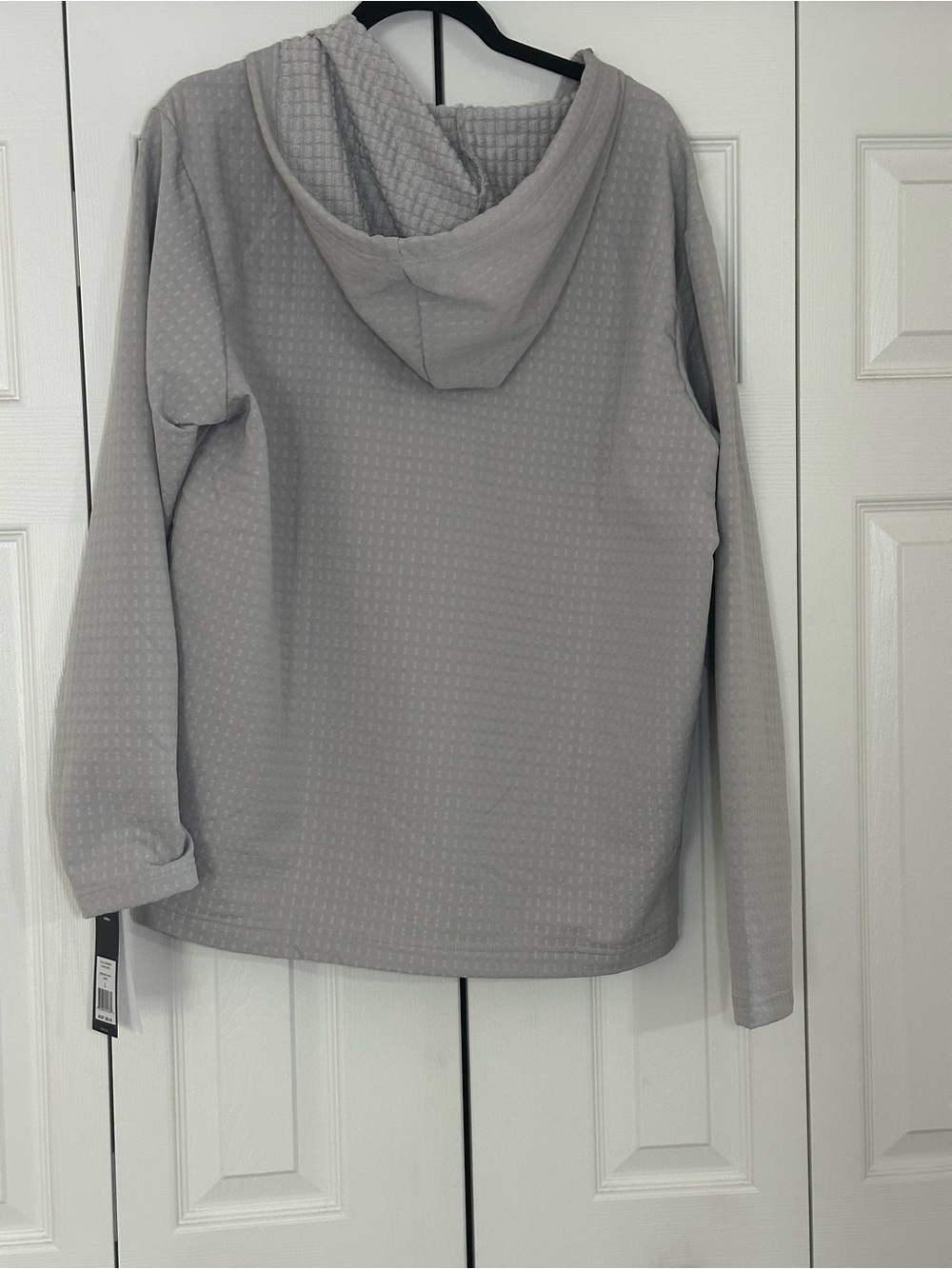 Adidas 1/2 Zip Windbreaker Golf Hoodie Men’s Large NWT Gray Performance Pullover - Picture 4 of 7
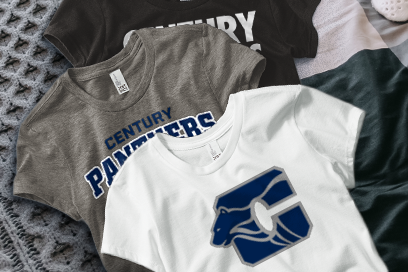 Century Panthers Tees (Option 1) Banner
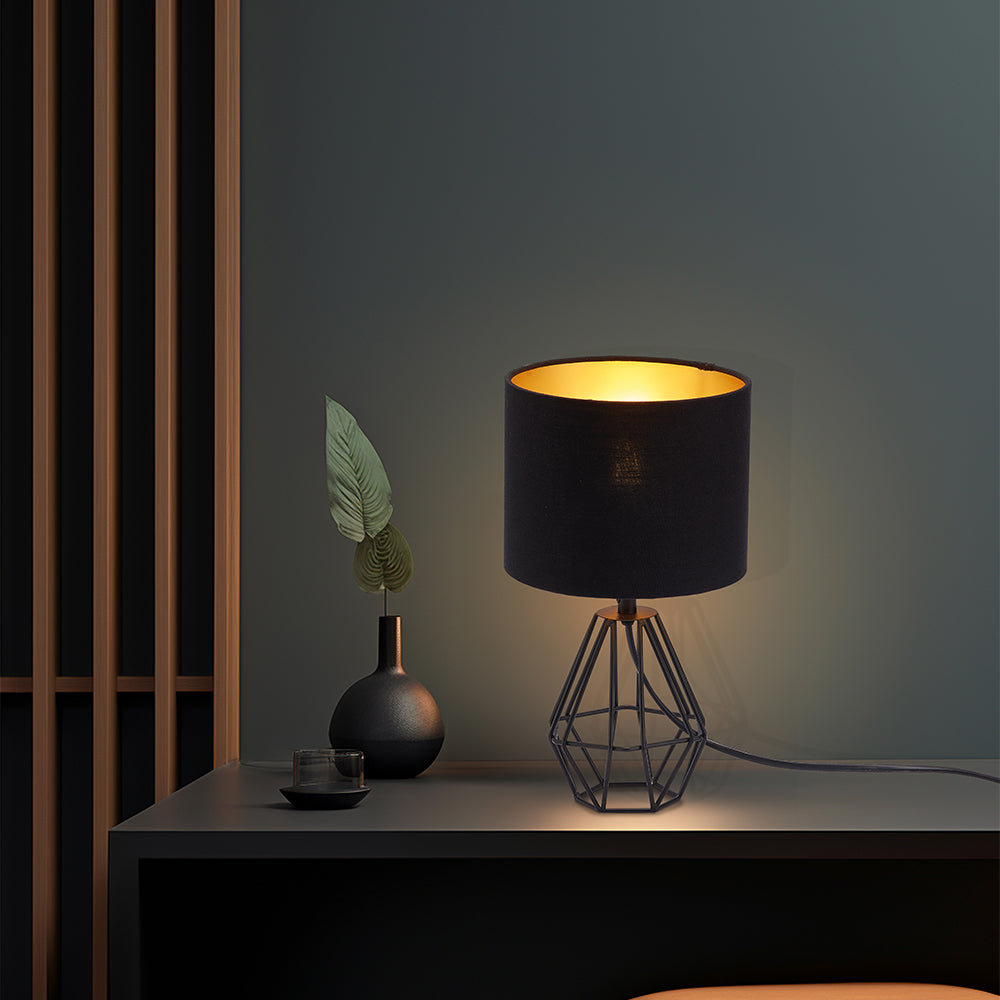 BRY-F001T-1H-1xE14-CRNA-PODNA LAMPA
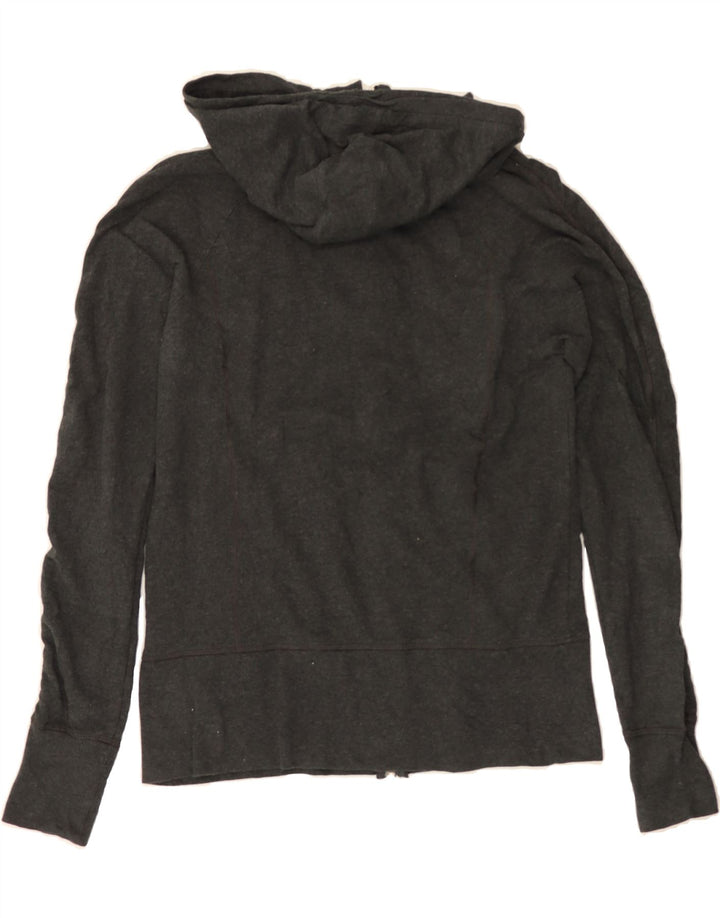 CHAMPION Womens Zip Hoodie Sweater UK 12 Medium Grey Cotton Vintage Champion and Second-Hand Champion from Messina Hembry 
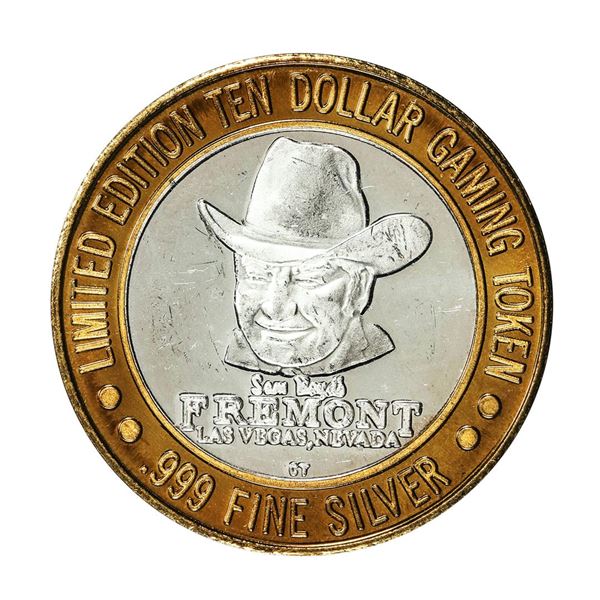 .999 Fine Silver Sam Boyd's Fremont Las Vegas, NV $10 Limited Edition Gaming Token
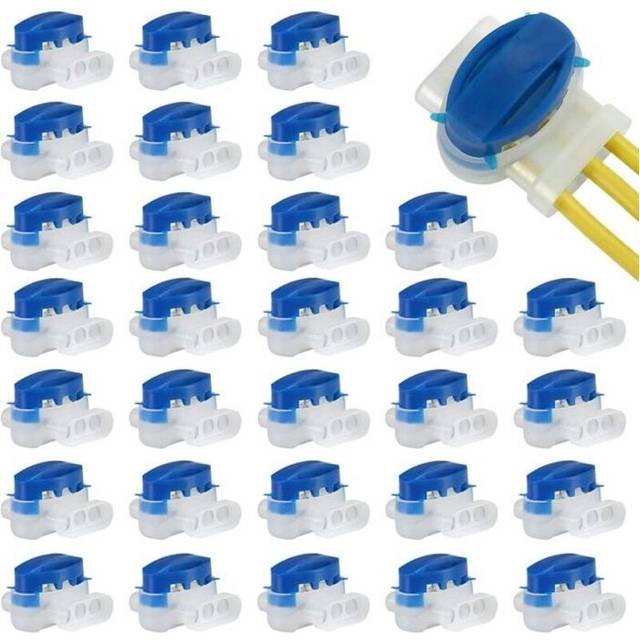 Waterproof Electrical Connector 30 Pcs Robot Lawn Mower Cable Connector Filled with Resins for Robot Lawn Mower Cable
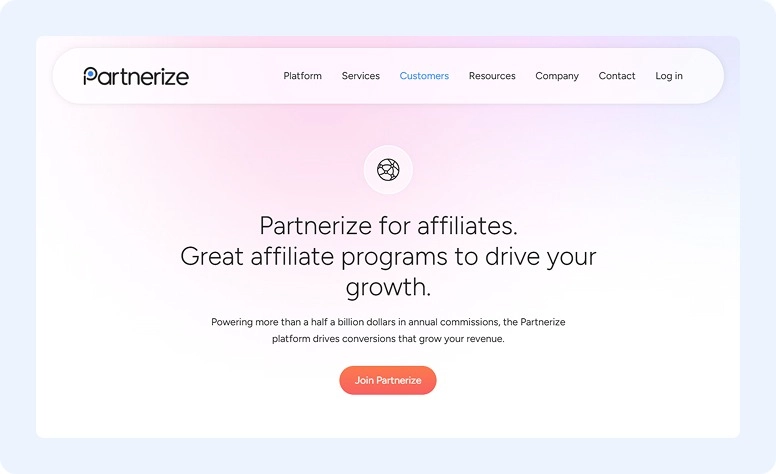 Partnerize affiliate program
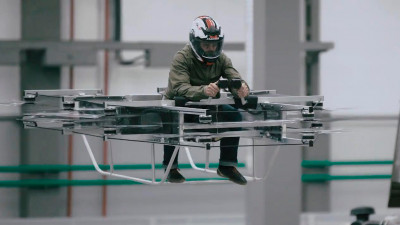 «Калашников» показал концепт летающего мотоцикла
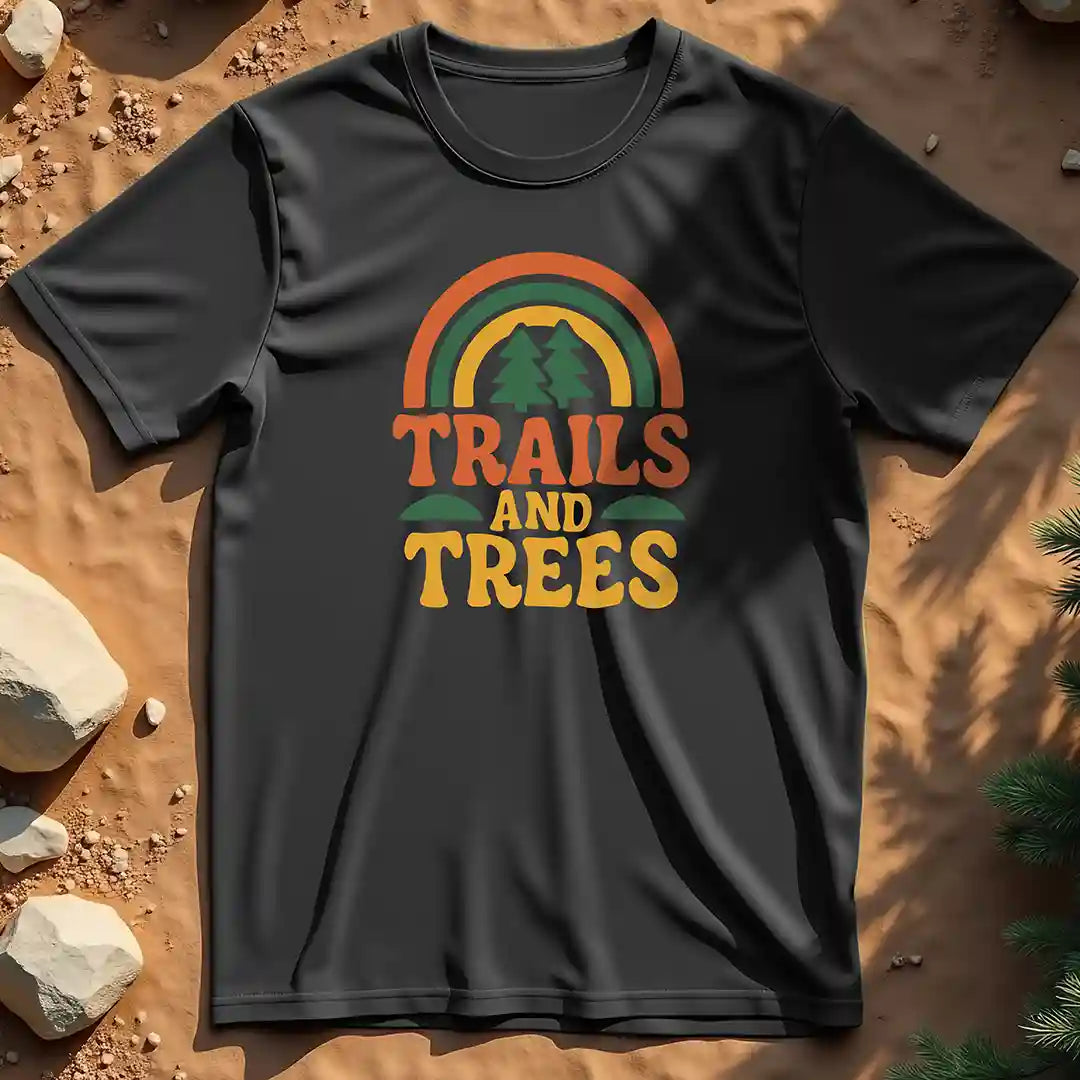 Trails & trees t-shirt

********

▶ [ACTIVITY] For this task, give again exactly the lines from the line with "Edition Gaming Token" through the end of the entries, including both ends, and omit the pictures.

▶ [FINISHED TASK]
 .999 Fine Silver Sam Boyd's Fremont Las Vegas, NV $10 Limited Edition Gaming Token
 Waterproof Electrical Connector 30 Pcs Robot Lawn Mower Cable Connector Filled with Resins for Robot Lawn Mower Cable
 Partnerize affiliate program
 «Калашников» показал концепт летающего мотоцикла
 Trails & trees t-shirt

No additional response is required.